Closed jwarnn closed 7 months ago
Hi @jwarnn,
Sorry I missed this issue.
The collapse_file
will only be downloaded if you use --latest
or if you provide a url to download the collapse file. Otherwise the internal collapse file is used by default see here -> https://github.com/MDU-PHL/pango-collapse/blob/main/pango_collapse/main.py#L119-L125C76.
This is done so that out of date pango_collapse
installs can still use the latest collapse file (by using the --latest
to stay up to date).
If you don't have internet access then you won't be able to use the --latest
flag. Simply create a collapse file and pass it to pango_collapse. You could use the internal collapse file but I doubt you want to collapse all the same lineages as the default file.
Ah just tried running offline and it's actually an issue with downloading the alias_key not the collapse_file.

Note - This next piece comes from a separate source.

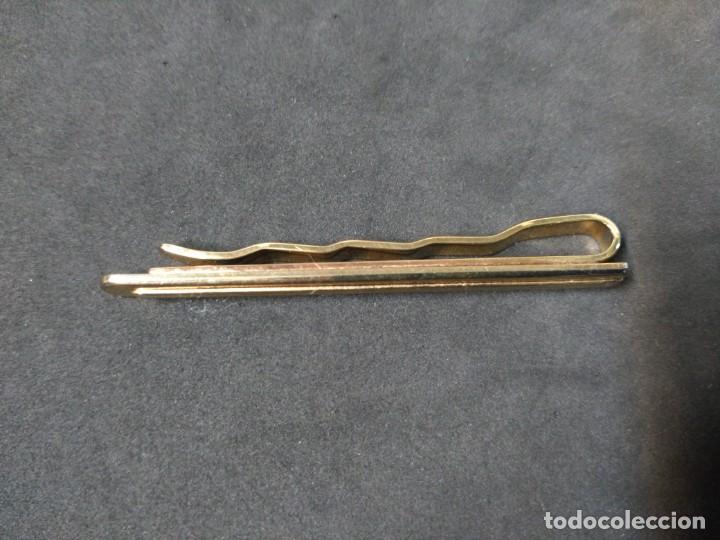 Joyeria: PASADOR DE CORBATA EN METAL DORADO - Foto 5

The alias_key is required to be up to date because it contains the hierarchical information about the lineages. I will add an offline fallback, however, this may result in lineages not being collapsed if the alias_key file is out of date.
I am using pango-collapse as part of a nextflow workflow that does not have access to the internet. In the file main.py line 121 if a collapse file is not provided on the command line using the
--collapse-file
; the file is downloaded from github. This is redundant as the collapse.tx file is apart of package distribution that is downloaded from when installed with pip. I think it would make sense just to have the program use this file and keep it updated with releases then redownloading the file.